The ability to write a short story is notably different from that of a novelist. In sporting terms, one is a sprint, the other, a marathon. They are as different as lyrics and poetry, and very rarely will you find the best of one is the best of the other (e.g. Leonard Cohen). A poet may be tempted to write music, because there's a lot more money in music, but that in itself should not be sufficient cause to ignore your natural talent and inclination. Some of the finest short story writers have never written a novel, or at least, if they have, not to the same acclaim. This group includes Alice Munro (Nobel winner), Raymond Carver, Chekhov, Saki, and O. Henry. To quote Munro:
"So why do I like to write short stories? Well, I certainly didn't intend to. I was going to write a novel. And still! I still come up with ideas for novels. And I even start novels. But something happens to them. They break up. [...] So I wrote in bits and pieces with a limited time expectation. Perhaps I got used to thinking of my material in terms of things that worked that way." (Emphasis mine.) -- Alice Munro (The Atlantic)

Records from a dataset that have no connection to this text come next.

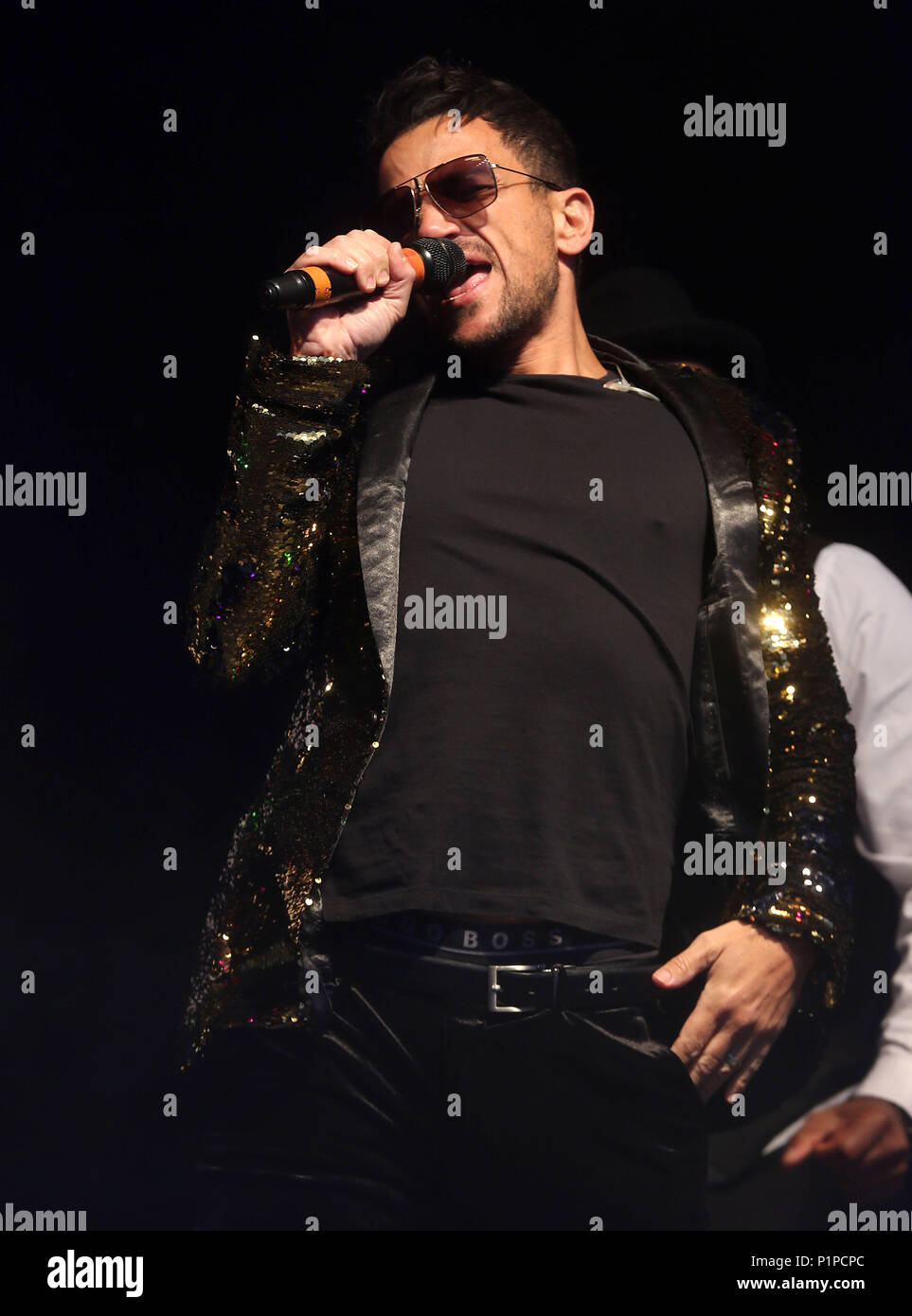 Peter Andre esegue a Hereford FC Live a Hereford, Regno Unito. Dotato di: Peter Andre dove: Londra, Regno Unito quando: 12 maggio 2018 Credit: WENN Foto Stock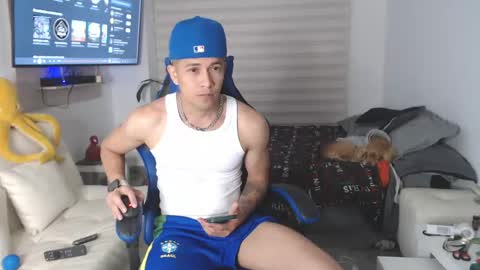 Snapshot of dilanxxx8888 chatting on 8, 4, 2026 dilanxxx8888 online show from 8, 4, 2026
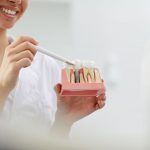 entretien-implant-dentaire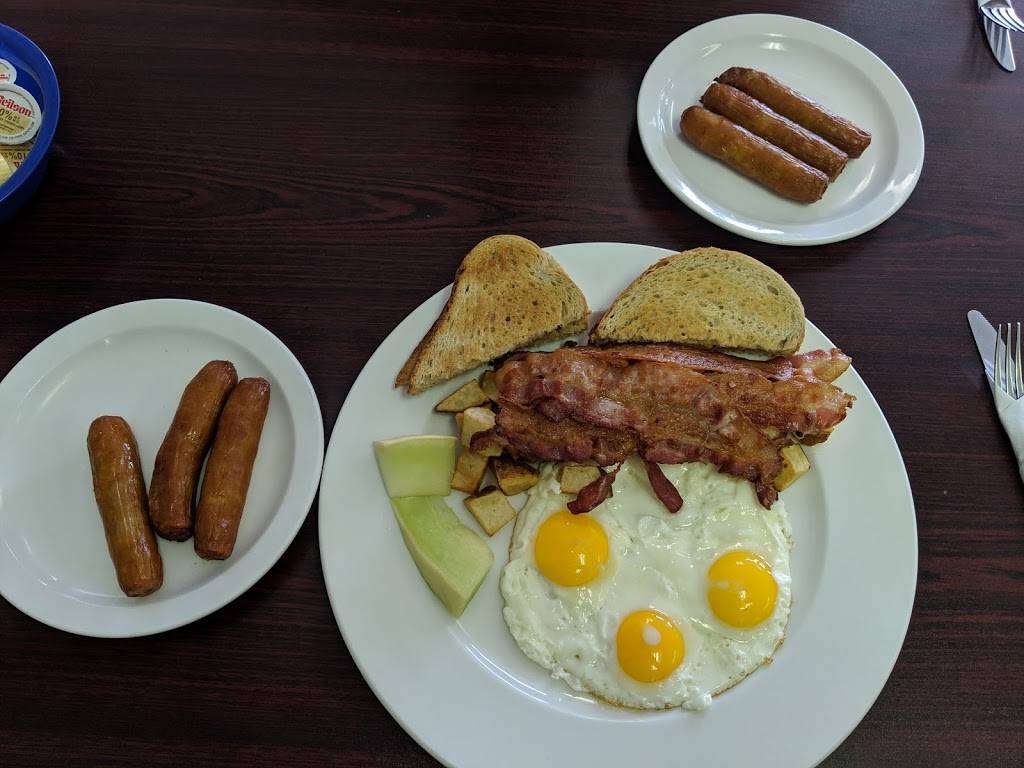 Grandmas Diner | restaurant | 4 Massey St, Borden, ON L0M 1C0, Canada | 7055160190 OR +1 705-516-0190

Writing is always a question of experience. If Munro had spent years focused on writing novels, perhaps she would have become a novelist. The demands on her time by her family didn't allow for the requisite concentration. Ultimately, if it's your desire to write novels, and you have the time, skill, and dedication, you should follow your instinct. Not because novels are more commercially viable, or because they are seen as great works of art, but because you want to, because great writing can only happen at the convergence of desire, action, and inspiration.